L’occasion qui l’y invita fut un schisme qui se produisit dans l’Église de Corinthe. Un ou deux meneurs (47.5-6) y avaient soulevé la masse des fidèles contre les presbytres, dont plusieurs, de vie irréprochable, avaient été destitués de leurs fonctions. Nous ignorons ce dont on les accusait. L’Église de Rome eut connaissance de ces troubles par la rumeur publique, car il ne semble pas, malgré ce qui est dit 1.1, qu’elle ait été avisée par l’Église de Corinthe elle-même, ni sollicitée d’intervenir. Mais Clément était papeb et il intervint. Il intervint pour ramener la paix dans les esprits et indiquer les remèdes à la situation.
b – Anachronisme et abus évident de langage de la part de l’auteur, qui est catholique romain ; la papauté n’existait pas au deuxième siècle telle que nous l’entendons aujourd’hui. (ThéoTEX)

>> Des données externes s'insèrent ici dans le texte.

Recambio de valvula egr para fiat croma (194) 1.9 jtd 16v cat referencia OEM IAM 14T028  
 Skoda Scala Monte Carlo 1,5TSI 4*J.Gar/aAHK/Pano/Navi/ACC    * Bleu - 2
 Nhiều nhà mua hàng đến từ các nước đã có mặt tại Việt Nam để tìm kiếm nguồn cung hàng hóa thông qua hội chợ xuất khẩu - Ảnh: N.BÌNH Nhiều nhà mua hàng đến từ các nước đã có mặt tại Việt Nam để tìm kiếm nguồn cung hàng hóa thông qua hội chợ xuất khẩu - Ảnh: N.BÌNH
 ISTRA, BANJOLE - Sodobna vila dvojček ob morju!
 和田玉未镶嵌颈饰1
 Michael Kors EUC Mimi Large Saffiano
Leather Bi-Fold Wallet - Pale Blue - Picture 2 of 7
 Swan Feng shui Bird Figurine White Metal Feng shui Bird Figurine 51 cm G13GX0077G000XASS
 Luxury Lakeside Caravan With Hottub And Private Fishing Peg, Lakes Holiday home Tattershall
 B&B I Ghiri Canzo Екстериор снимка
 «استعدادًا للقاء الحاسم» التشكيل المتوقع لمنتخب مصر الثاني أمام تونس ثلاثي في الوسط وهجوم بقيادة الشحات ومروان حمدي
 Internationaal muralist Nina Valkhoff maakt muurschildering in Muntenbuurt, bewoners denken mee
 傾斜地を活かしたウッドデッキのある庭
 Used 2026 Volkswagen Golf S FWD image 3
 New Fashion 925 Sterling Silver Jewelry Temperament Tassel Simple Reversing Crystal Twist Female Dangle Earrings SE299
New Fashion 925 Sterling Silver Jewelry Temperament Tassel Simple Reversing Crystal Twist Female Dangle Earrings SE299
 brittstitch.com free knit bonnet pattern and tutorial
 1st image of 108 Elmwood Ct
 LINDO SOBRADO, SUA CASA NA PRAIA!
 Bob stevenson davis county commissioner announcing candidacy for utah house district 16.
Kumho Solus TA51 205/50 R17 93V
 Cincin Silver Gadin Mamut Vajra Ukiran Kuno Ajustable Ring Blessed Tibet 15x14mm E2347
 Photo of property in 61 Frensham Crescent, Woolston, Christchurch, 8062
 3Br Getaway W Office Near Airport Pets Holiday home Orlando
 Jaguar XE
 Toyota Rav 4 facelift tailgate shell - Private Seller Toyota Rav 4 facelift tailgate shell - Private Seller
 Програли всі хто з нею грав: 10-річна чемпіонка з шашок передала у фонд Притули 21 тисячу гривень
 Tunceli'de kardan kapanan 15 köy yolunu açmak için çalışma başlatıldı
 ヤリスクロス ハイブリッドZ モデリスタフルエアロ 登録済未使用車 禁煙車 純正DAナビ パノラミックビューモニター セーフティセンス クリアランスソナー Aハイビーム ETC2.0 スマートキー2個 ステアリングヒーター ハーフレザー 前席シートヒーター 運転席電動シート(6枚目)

Son épître se divise en deux grandes parties. Une partie générale (ch. 4 à 38) comprend une série d’exhortations à pratiquer les vertus de charité, de pénitence, d’obéissance, d’humilité, de foi etc., propres à maintenir la bonne harmonie entre les fidèles. Elle est coupée (ch. 23 à 30) par un développement sur la certitude et la gloire de la résurrection future. La seconde partie (ch. 39 à 59) vise particulièrement les faits signalés à Corinthe. C’est Dieu qui a établi l’ordre de la hiérarchie ecclésiastique. Dieu a envoyé Jésus-Christ ; Jésus-Christ a établi les apôtres ; les apôtres ont, à leur tour, établi des évêques et des diacres, lesquels se sont, quand il l’a fallu, choisi des successeurs. A ces hommes on doit la soumission et l’obéissance. Ç’a donc été une faute de destituer les presbytres de leurs fonctions. Les coupables doivent faire pénitence et s’éloigner, pour un temps, de Corinthe, afin que la paix y revienne. — L’écrit se continue par une longue prière (59.3 à ch. 61) où alternent les louanges de Dieu et les supplications pour les chrétiens et aussi pour les princes ; et il s’achève sur de nouvelles exhortations à la concorde et des souhaits spirituels (ch. 62 à 65).
L’épître de saint Clément a joui dans l’antiquité de la plus haute estime, au point d’être mise par quelques auteurs au nombre des écrits inspirés. Saint Irénée l’appelle une lettre « très forte » ; Eusèbe une lettre « grande et admirable », et ce dernier témoigne qu’en beaucoup d’Églises elle était lue publiquement dans les réunions des fidèles (H.E., 3.16). Elle mérite cette estime par l’heureux mélange d’énergie et de douceur qui s’y rencontre ; par la finesse d’observation, la délicatesse de touche et l’élévation des sentiments dont l’auteur y fait preuve partout. La grande prière de la fin est d’une inspiration très haute. Il est fâcheux que l’abus des citations de l’Ancien Testament, dans la première partie surtout, brise parfois le développement et l’élan de la pensée.
Au point de vue théologique, l’épître de saint Clément a une importance considérable. Elle est « l’épiphanie de la primauté romaine », la première manifestation du sentiment qu’on en avait à Rome. Elle contient aussi la première affirmation patristique du droit divin de la hiérarchie (42.1,2,4 ; 44.2).